Let $0=a<b=1,I=(0,1),\mathcal{F}=\{F_t:t\in I\},$

$F_t\left(x\right)=\frac{x^{2-t}}{(t-1)(t-2)}-\frac{x}{(t-1)(t-2)},t\in I.$

Then, $t\mapsto d^2{F}_t\left(x\right)/d{x}^2=x^{-t}>0$ is completely monotone function on I and, from Corollary 1, we know that the function $t\mapsto B{F}_t,$

$$B{F}_t=\frac{1}{(t-1)(t-2)}{\int }_0^{b}g\left(x\right)dx{\int }_0^b{x}^{2-t}h\left(x\right)dx+\frac{b^{3-t}}{(t-1)(t-2)(t-3)}{\int }_0^{b}g\left(x\right)h\left(x\right)dx,$$

is completely monotone on I for any concave function $g:[0,b]\to {\mathbb{R}}_{+}$ and any increasing function $h:[0,b]\to {\mathbb{R}}_{+}.$ Additionally, using function $t\mapsto B{F}_t$, we can produce means (17).

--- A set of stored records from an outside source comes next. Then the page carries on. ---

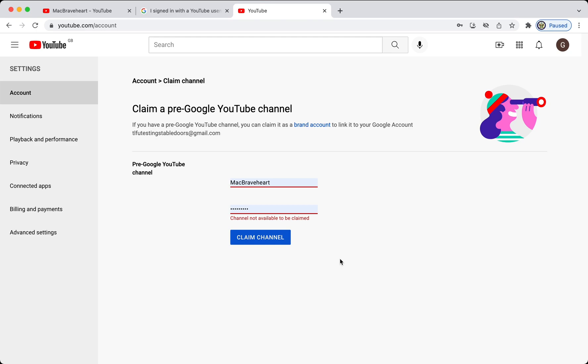So, that is how you claim a legacy YouTube account in 2021. Thank you for listening, and goodbye.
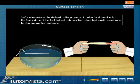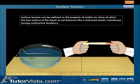Thus surface tension can be defined as the property of matter by virtue of which the free surface of the liquid at rest behaves like a stretched elastic membrane having contractive tendency.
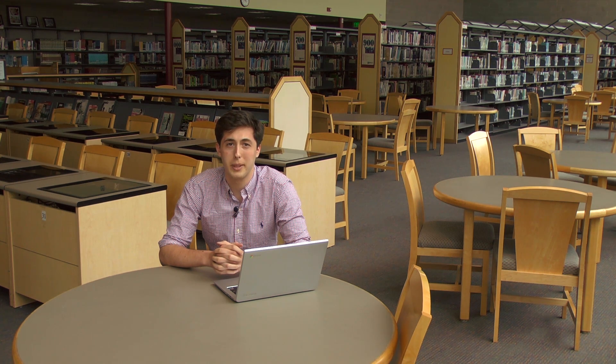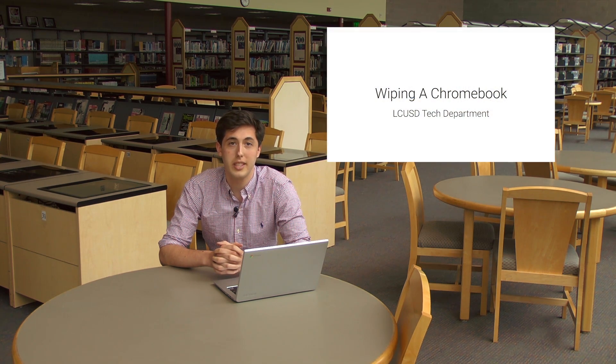If you've already signed into your Chromebook using either your personal Google account or your MyLCUSD account, you have one more step to complete before you enroll your Chromebook. Please wipe your device. If you need help doing this, please watch our video on how to wipe a Chromebook.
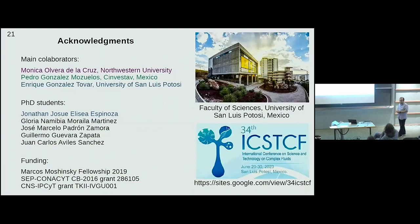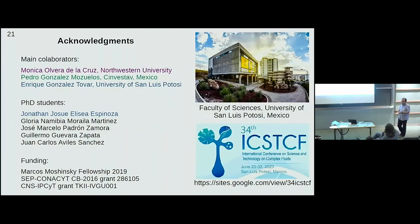I would like to finish this presentation by thanking my main collaborators: Monique Olvera de la Cruz at Northwestern University, Pedro González-Mozuelos at CINVESTAV in Mexico City, and Enrique González-Tovar at the University of San Luis Potosí. Also my PhD students, in particular Jonathan Josué Espinosa, who performed the generalization to a matrix form of the Ornstein-Zernike equation using the hypernetted-chain and mean spherical approximation closure. Thank you very much for your attention and I will be happy to answer your comments or questions.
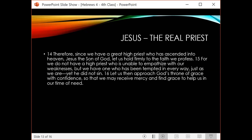Getting to Hebrews chapter four, verses 14 through 16: 'Therefore, since we have a great high priest who has ascended into heaven, Jesus the Son of God, let us hold firmly to the faith we profess. We do not have a high priest who is unable to empathize with our weaknesses, but we have one who has been tempted in every way, just as we are, yet he did not sin. Let us then approach God's throne of grace with confidence so that we may receive mercy and find grace to help us in our time of need.'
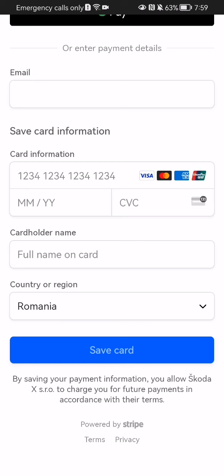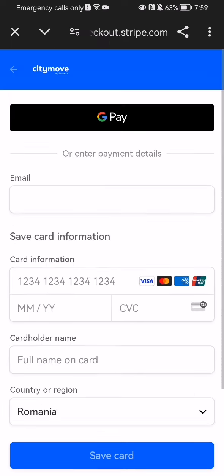Finally, select the country or region. Once everything is done, you can just press 'Save card' down below and you have just added a new payment option.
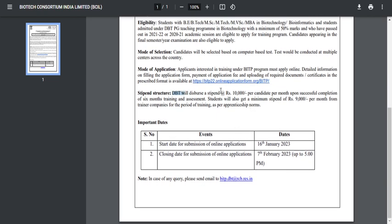From DBT, you will receive 10,000 rupees per month as a stipend, and the institute or industry where you work as a trainee will pay you 9,000 rupees per month. So, in total, you will be getting 19,000 rupees per month.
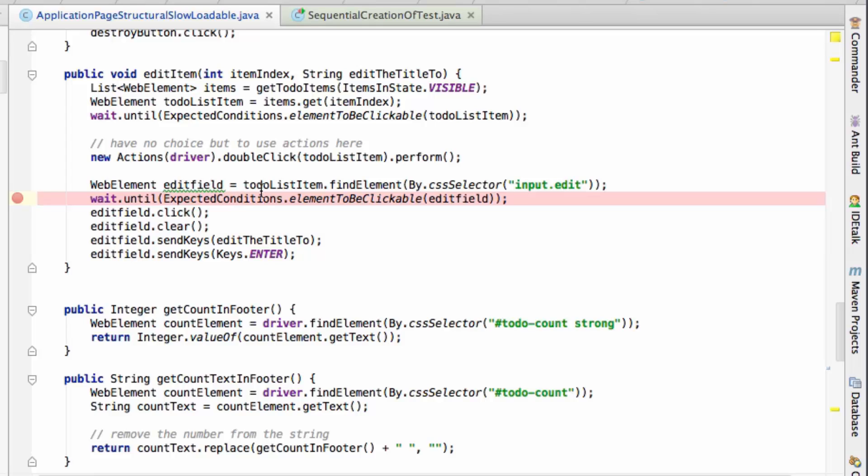But you can also see that down here, having double clicked on it, I use the action that I found, then do a find element underneath it, to get the input and edit field. So what I'm really wondering is, perhaps I'm double clicking on the wrong thing.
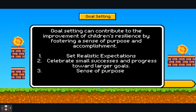Goal setting can contribute to improving a child's resilience by fostering a sense of purpose and accomplishment. Three things to look at: setting realistic expectations for your young person — everybody is different and faces different challenges, whether academic or social. Don't forget to celebrate the small successes along the way, because all these add up to the bigger goals. Giving responsibility — whether helping a younger sibling with homework — can give a sense of achievement and purpose.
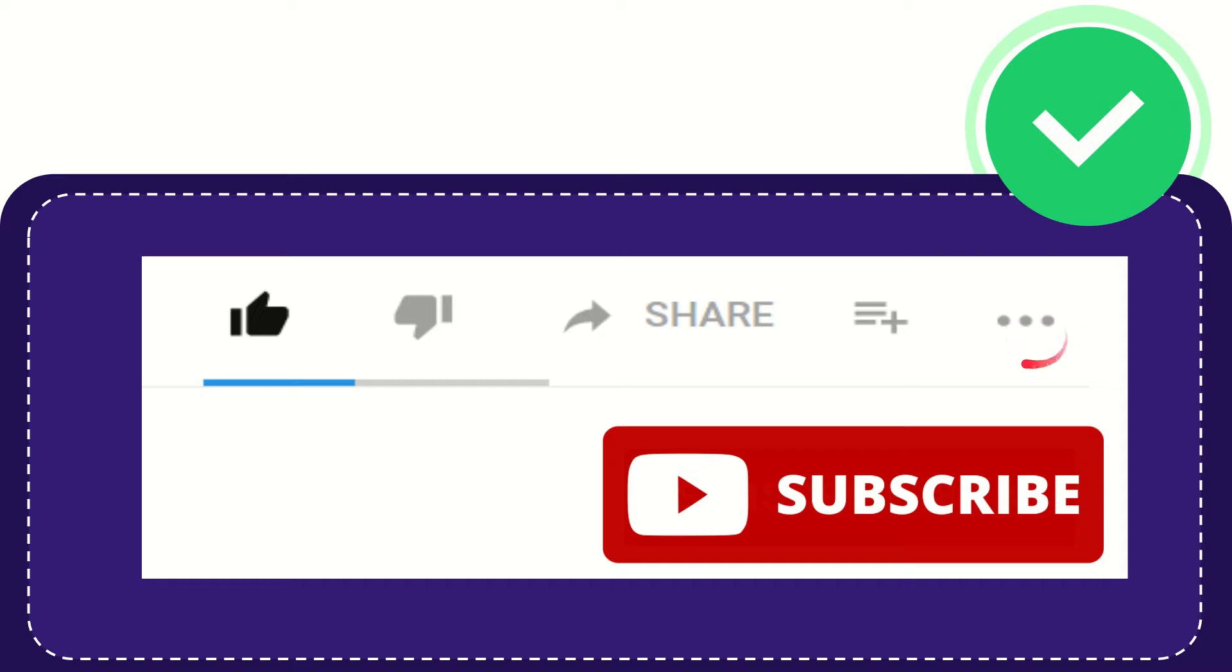And yeah, don't forget to subscribe. I think that's all of it. Thank you so much for watching this video and see you again in another video. Bye bye, see you again.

Examples 1 and 2 used some adapted examples of generating families from [4] because of the specific requirements on the functions f and h in Lemma 1.

Example 3.

Let $-\infty <a<b<\infty ,I=(0,\infty )$ and a family $\mathbf{H}=\{H_t:t\in I\}$ of functions on $[a,b]$ defined by

$$H_t\left(x\right)=-\frac{e^{-tx}}{t}.$$

(19)

Since $t\mapsto \frac{d}{dx}{H}_t\left(x\right)=e^{-tx}>0$ is from $CM\left(I\right)$ then $t\mapsto A{H}_t,$ with

$$A{H}_t=-\frac{1}{t}{\int }_a^{b}g\left(x\right)dx{\int }_a^b{e}^{-tx}f\left(x\right)dx+\frac{1}{t}{\int }_a^b{e}^{-tx}g\left(x\right)dx{\int }_a^{b}f\left(x\right)dx,$$

is also completely monotone on I for any concave function $g:[a,b]\to {\mathbb{R}}_{+}$ and any convex function $f:[a,b]\to {\mathbb{R}}_{+}$, and this function satisfies Lyapunov inequality (12) and means (15) can be produced.

Example 4.

Let $0=a<b<\infty ,I=(0,\infty )$ and a family $\mathbf{F}=\{F_t:t\in I\}$ of functions on $[0,b]$ defined by

$$F_t\left(x\right)=\frac{e^{-tx}-1}{t^2}.$$

(20)

Since $t\mapsto d^2{F}_t\left(x\right)/d{x}^2=e^{-tx}>0$ is from $CM\left(I\right)$, then $t\mapsto B{F}_t,$

$$B{F}_t={\int }_0^{b}g\left(x\right)dx{\int }_0^b\frac{e^{-tx}-1}{t^2}h\left(x\right)dx+\frac{e^{-tb}-b-1}{t^3}{\int }_0^{b}g\left(x\right)h\left(x\right)dx,$$

is completely monotone on I for any concave function $g:[0,b]\to {\mathbb{R}}_{+}$ and any increasing function $h:[0,b]\to {\mathbb{R}}_{+}.$ Additionally, using function $t\mapsto B{F}_t$, we can produce means (17).